2. Materials and Methods
2.1. Rat Thyroid Tissue
Nine female Sprague-Dawley rats (Samtako, Osan, Korea) were used in this study. Animal care and research protocols were based on the principles and guidelines of the Guide for the Care and Use of Laboratory Animals. Rats were euthanized after a week of acclimatization, as described in our previous study [14]. Thyroid tissue samples were isolated from each rat and fixed one week in 4% formalin. Paraffin embedding performed by automatic tissue processor for paraffin embedding (TP1020, Leica, Wetzlar, Germany) and dispensing (EG1150H, Leica). Cross-sections (8 μm thick) were placed on glass slides and prepared for hematoxylin–eosin staining. For staining analyses, the slides were de-paraffinized with xylene and then hydrated through a series of washes in ethanol and finally pure water. We selected the central part of the tissue for representative images using undertaken at 200× pictures by light microscope (Leica, Wetzlar, Germany, Leica DM4000/600M, versatile upright microscope for materials analysis).
2.2. Human Thyroid Cell Line
Commercially available human thyroid follicular cell line Nthy-ori 3-1 (https://web.expasy.org/cellosaurus/CVCL_2659.txt; accessed on 10 December 2021) was cultured in Roswell Park Memorial Institute medium 1640 with 10% fetal bovine serum, 2 mM glutamine, and antibiotics (100 U/mL penicillin–streptomycin (Gibco)).

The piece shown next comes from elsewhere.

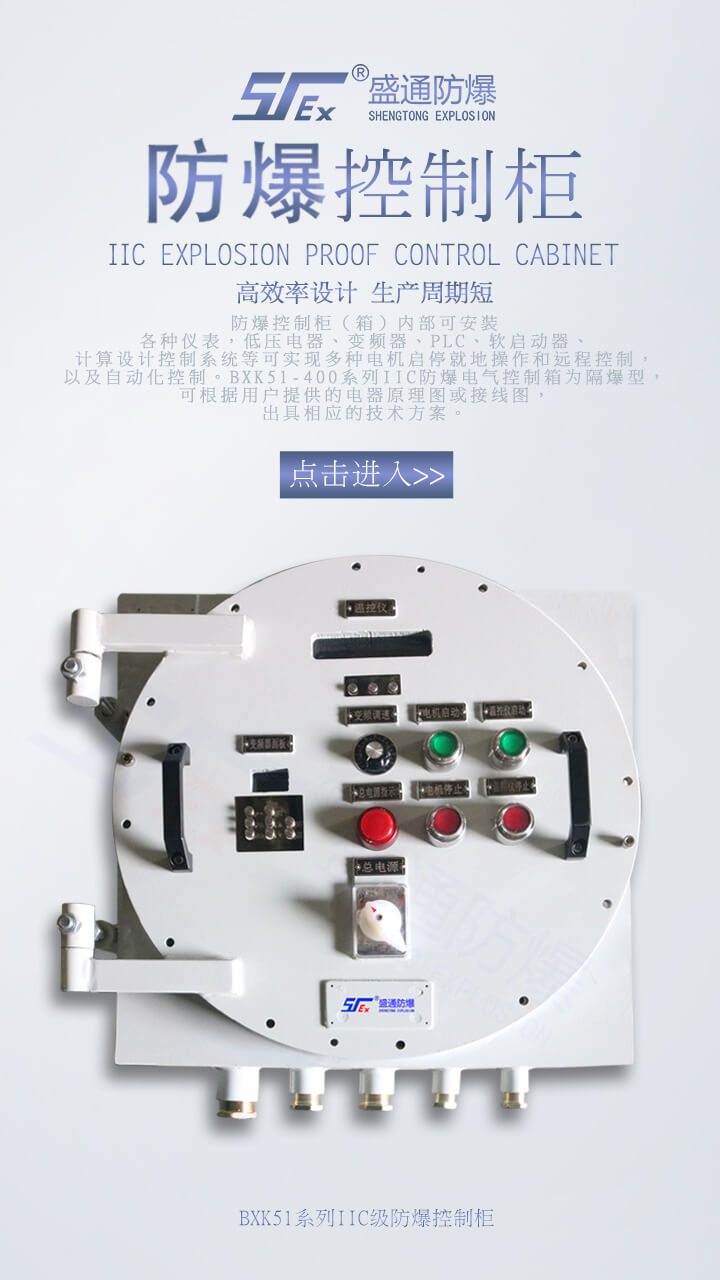 ɳ늚Oΰb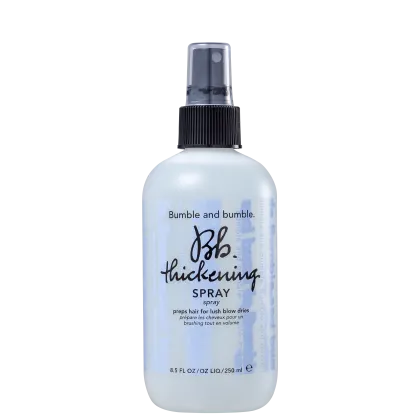 Imagem do produto Bumble and bumble Thickening - Spray de Volume 250ml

2.3. Patients and Tissue Preparation
Fifteen female thyroid tissues, including five normal, five Hashimoto’s thyroiditis, and five Graves’ disease tissues, were obtained from surgical specimens following thyroidectomy at our institution from 2015 to October 2021. Normal thyroid tissue was obtained from disease-free tissue in the contralateral lobe of a patient with unilateral papillary thyroid carcinoma (PTC), and Hashimoto’s thyroiditis tissue was obtained from tumor-free tissue of PTC patients with coexisting Hashimoto’s thyroiditis after surgery. Pathologically proven Hashimoto’s thyroiditis was defined as the presence of diffuse lymphoplasmacytic infiltrate, formation of lymphoid follicles with germinal centers, oxyphilic follicular cells, and atrophic changes in the area of normal thyroid tissue. Whole sections of formalin-fixed, paraffin-embedded patient tissue blocks were used for immunohistochemistry (IHC). The immunohistochemical results were interpreted by a board-certified pathologist (H.W.L.) who has more than 15 years of experience with thyroid head and neck tumors.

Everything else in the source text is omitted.